Both Lauren and I love books. But we both realize that with a small house, having a multi-shelf whole-wall library just isn't in the cards for us. With both of us being techies and owning iPhones, we both decided to go with e-books and e-reader apps as a way to keep our reading habits fed.
That's worked great until the last few months, when the recent dispute between Amazon and the publishers over book pricing has now been fanned by Apple's foray into e-books with the iPad. It apparently comes down to the publishers wanting more control over e-book pricing (the agency vs. wholesale model dispute mentioned in the story below):
As a result, while prices and contracts are being renegotiated with suppliers, the e-bookstore I have used, Fictionwise, has suddenly found itself emptied of a lot of its mainstream titles, including a couple I've kept my eye on for a few months.
Needless to say, the whole thing has me rethinking the convenience of e-books, especially DRM-protected e-books.

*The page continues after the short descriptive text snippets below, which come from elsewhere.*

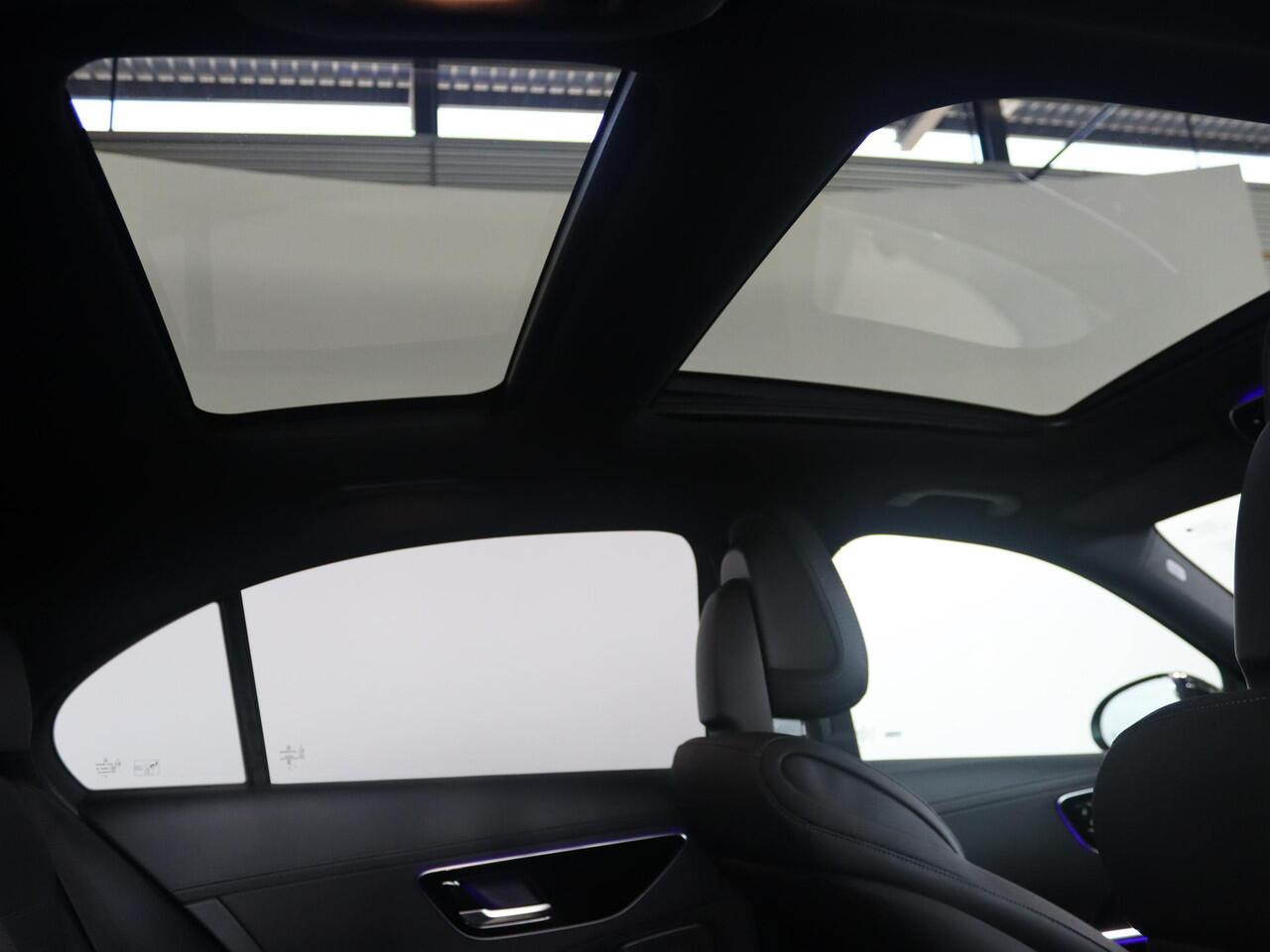 Mercedes-Benz C-KLASSE 180 Business Solution AMG | Panoramaschuifdak | Night | 19 inch LM Velgen | Trekhaak | 360 Camera | Memory Elek. stoelen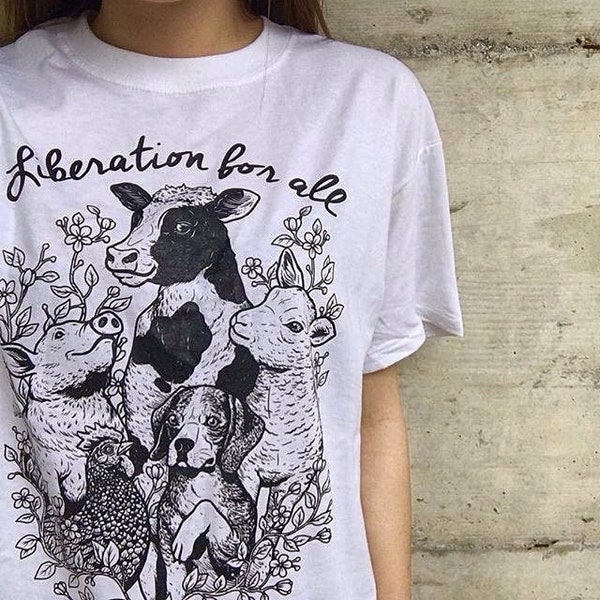 Libération pour tous T-shirt | Chemise végétalienne, Droits des animaux, Libération animale, Activiste animalier, Vêtements végétaliens, Végétarien, Sanctuaire agricole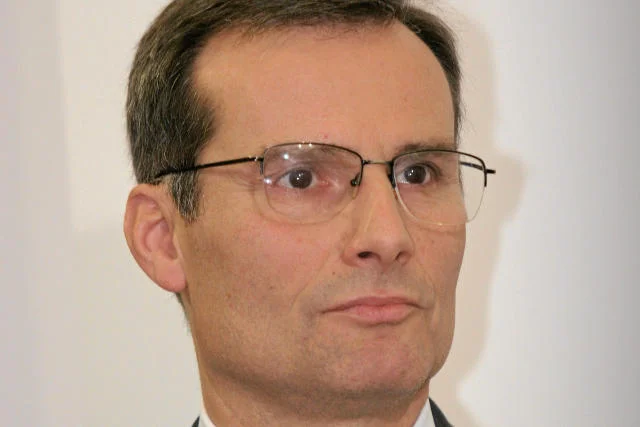 Stanisław Jerzy Komorowski, dyplomata i podsekretarz stanu w Ministerstwie Obrony Narodowej zginął 10 kwietnia 2010 r.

Part of the reason I buy e-books is so that I don't have to travel 40 miles round-trip to the nearest chain bookstore to pick up a book which might not be in stock yet. (I don't mind being in a bookstore for a long period of time. Lauren, by the way, fails to see the appeal.)
I also like the convenience; I can load 10+ titles on my phone and swap them out as necessary. If I find myself somewhere that I have a few minutes to kill (the doctor's office, for example), I just pull out the phone and choose from one. It also helps that the e-book app supports larger font sizes for easier reading, which really comes in handy with advancing age. Try doing that with a regular-print book.
I also like the appeal of not having to pay higher prices for hardbound books (which take up the aforementioned house space), and not having to wait for a year to get the book in trade paperback.
In short, it's a lot of convenience at a reduced price.
E-books aren't perfect; to be honest, I've seen quite a few cases where the conversion had left a couple of obvious typos or formatting problems introduced by the process. But those had been the only minor annoyances, which I live with for the sake of the above conveniences.
But there are larger questions.
Let's say that my e-book supplier (who was one of two online e-Book suppliers bought out by Barnes and Noble before Christmas), is subsumed completely into B&N. Can I continue to use the existing e-books that I've purchased? Will B&N provide a substitute way for me to continue to purchase e-books through their website?
On one hand, I can understand the publishers' argument. They want to maximize the earnings for the authors who publish for them at price points the publishers can live with. But by forcing the argument through the pricing dispute between Amazon first and now with the discussion of "enhanced" e-books provided through the Apple iPad, at higher prices, I think the publishers have lost sight of something: those of us who read the books they published have been mightily inconvenienced. And it's annoying.